**WHAT THE TASK ASKS**:
Line by line, restate the material word for word, omitting any image.

**AVAILABLE DATA**:
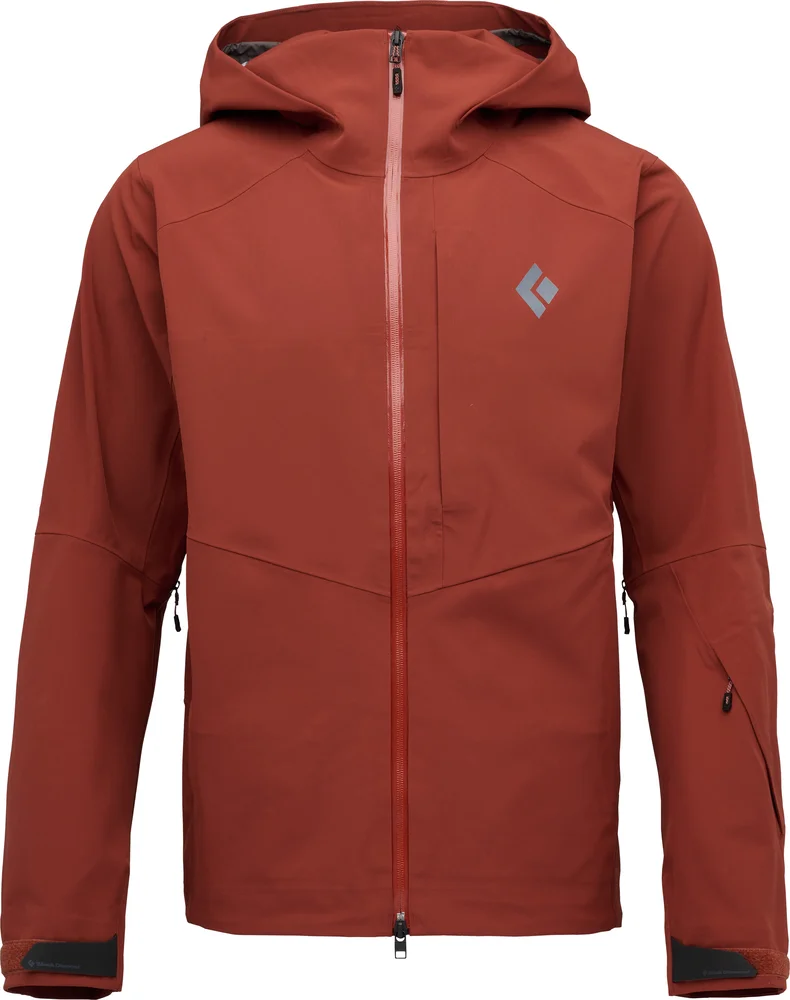 Black Diamond Men's Recon Stretch Shell Iron Red v:4016003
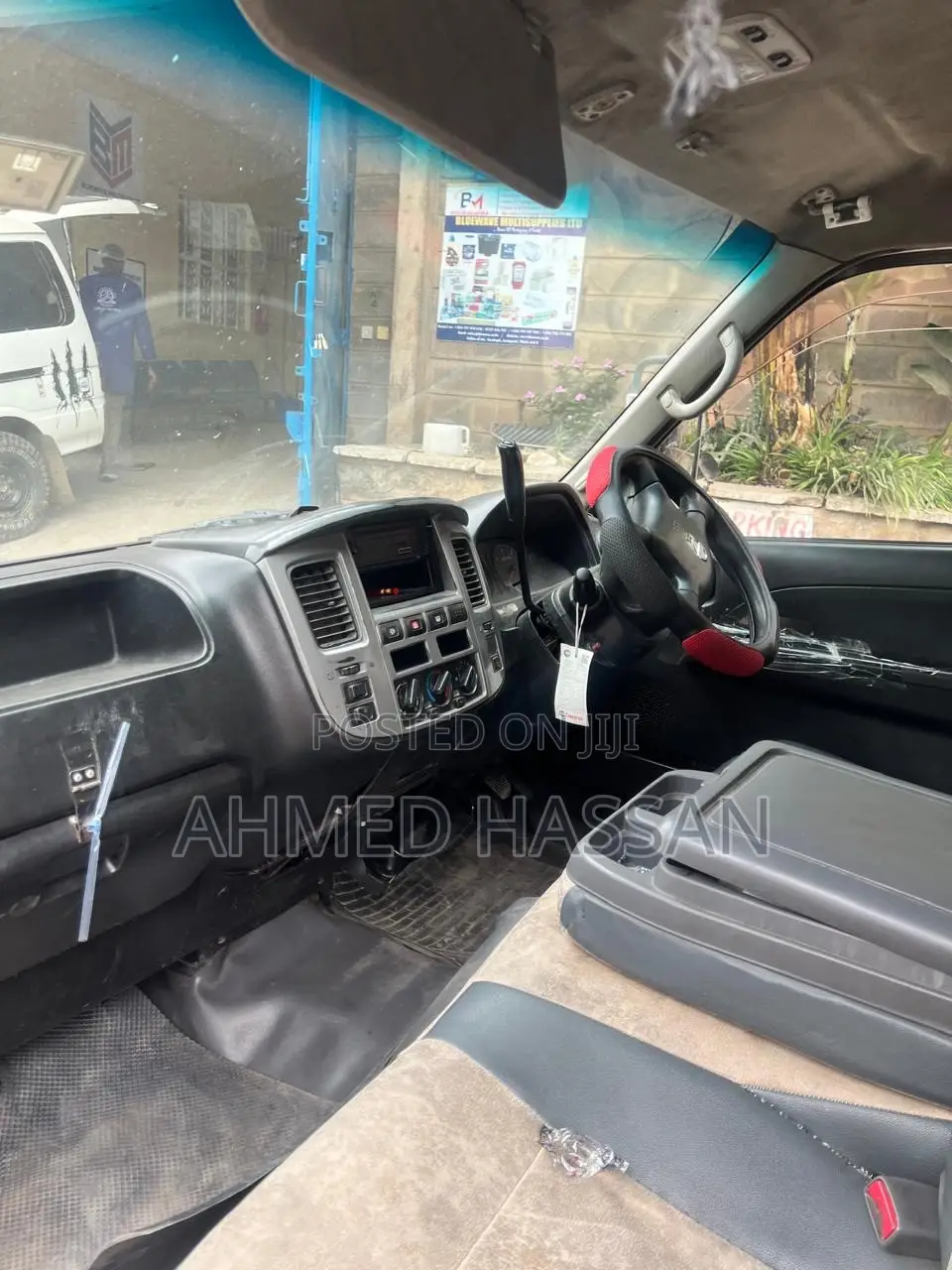 Nissan Caravan 2007 Silver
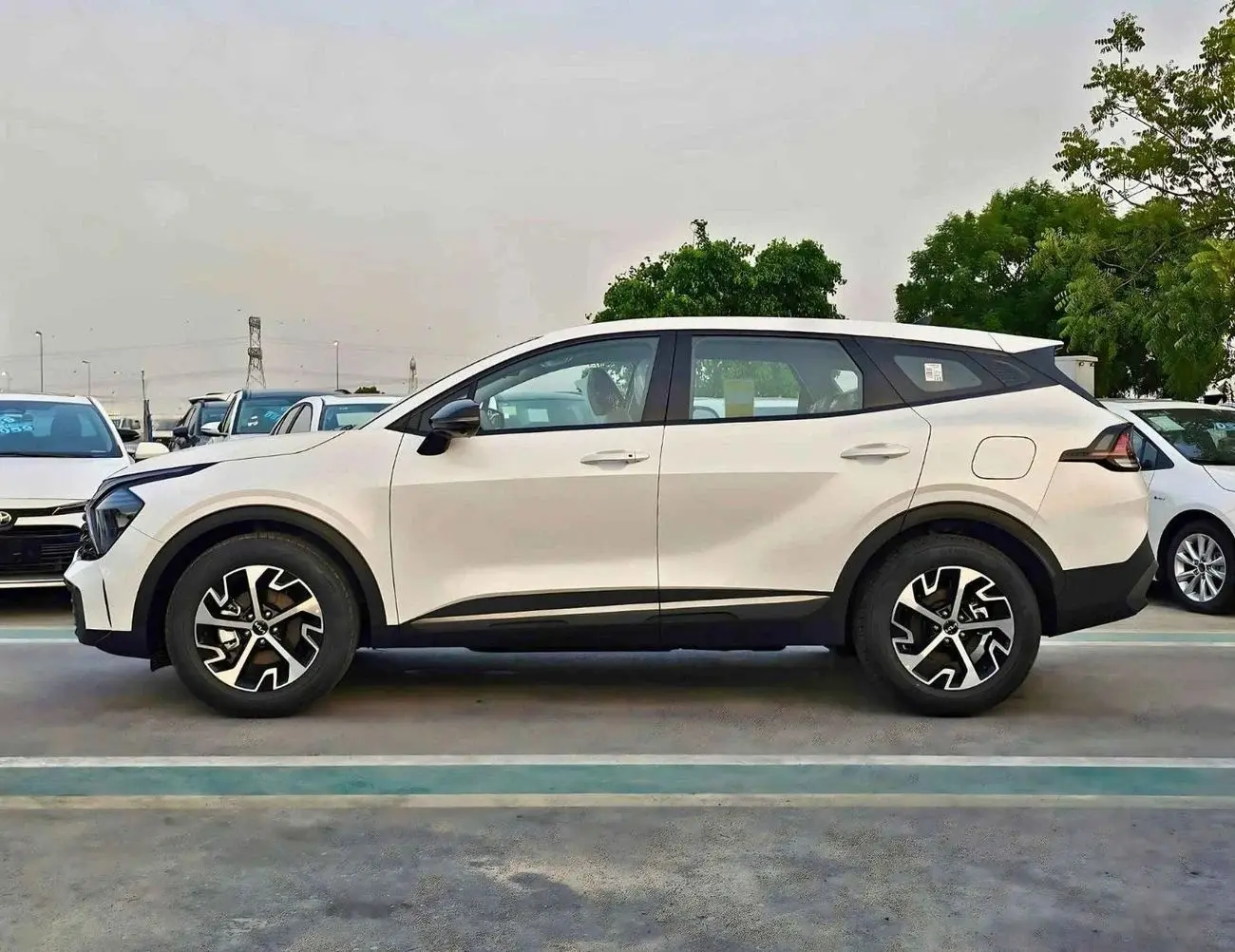 Kia Sportage 2025 1.5L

**FINAL ANSWER**:
 Black Diamond Men's Recon Stretch Shell Iron Red v:4016003
 Nissan Caravan 2007 Silver
 Kia Sportage 2025 1.5L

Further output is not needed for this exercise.